Originally posted by convect
Well, as long as it's a part of the storm that can be hit by radar, the hydrometeors themselves give us the information we need about the three-dimensional wind fields. In fact, with these new polarimetric radars that are now being deployed we can get an idea of the size and shape of the hydrometeors themselves--distinguishing big drops from small ones from ...[text shortened]... is difference exists--what exactly the mechanisms are--among a whole lot of other mysteries.

A lot of subtle things going on to suss out for sure. What do you see as the main benefit of knowing all that, supposing it was totally figured out, what good would it do? Better prediction, my guess, but not something you could use to stop a tornado, I would think.

Originally posted by sonhouse
A lot of subtle things going on to suss out for sure. What do you see as the main benefit of knowing all that, supposing it was totally figured out, what good would it do? Better prediction, my guess, but not something you could use to stop a tornado, I would think.

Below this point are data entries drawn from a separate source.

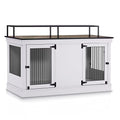 Large Wooden Dog Crate with Double Doors (Brown) K461
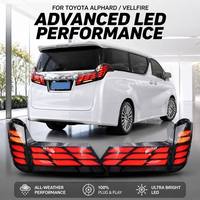 Feux arrière Nafu Auto Full-LED rouges avec clignotants séquentiels pour Toyota Alphard 2019-2023, modification MPV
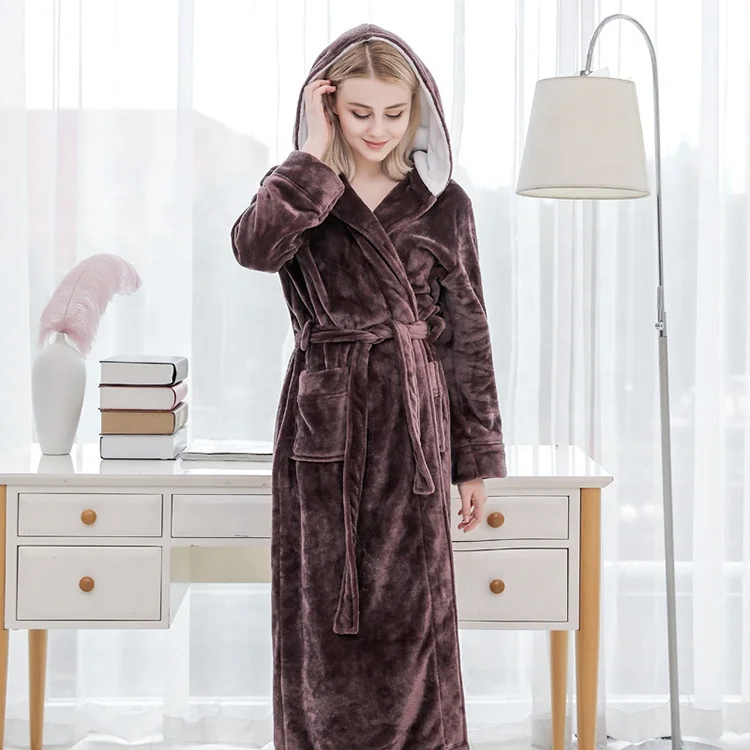 Women and men long fluffy fleece sleepwear warm adult nightgown organic bathrobes with hood
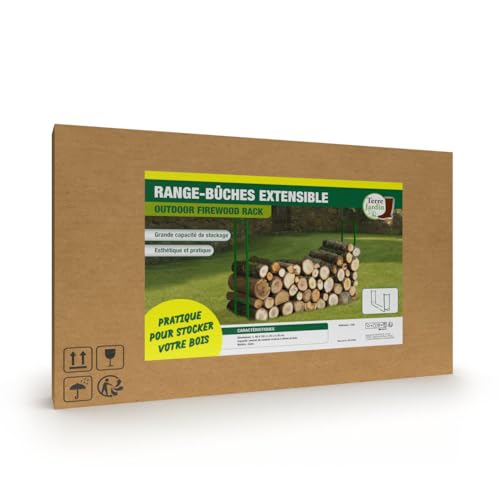 Detalle de Ribiland 2579 Range bûches modulable en métal Vert – avec tubes à emboîter, hauteur 0,90 mètre et longueur réglable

Better prediction, mostly. There's just so much energy moving through a supercell that nothing short of a nuclear device could disrupt one already in progress. If we really truly knew everything about these storms--well, some interesting modelling work has shown that the course and intensity of a storm is affected by the soil and vegetation type. It's conceivable that some real smart engineer could figure out how to do some serious landscaping near cities in order to deflect or weaken approaching storms. But that's way far away in science fiction land.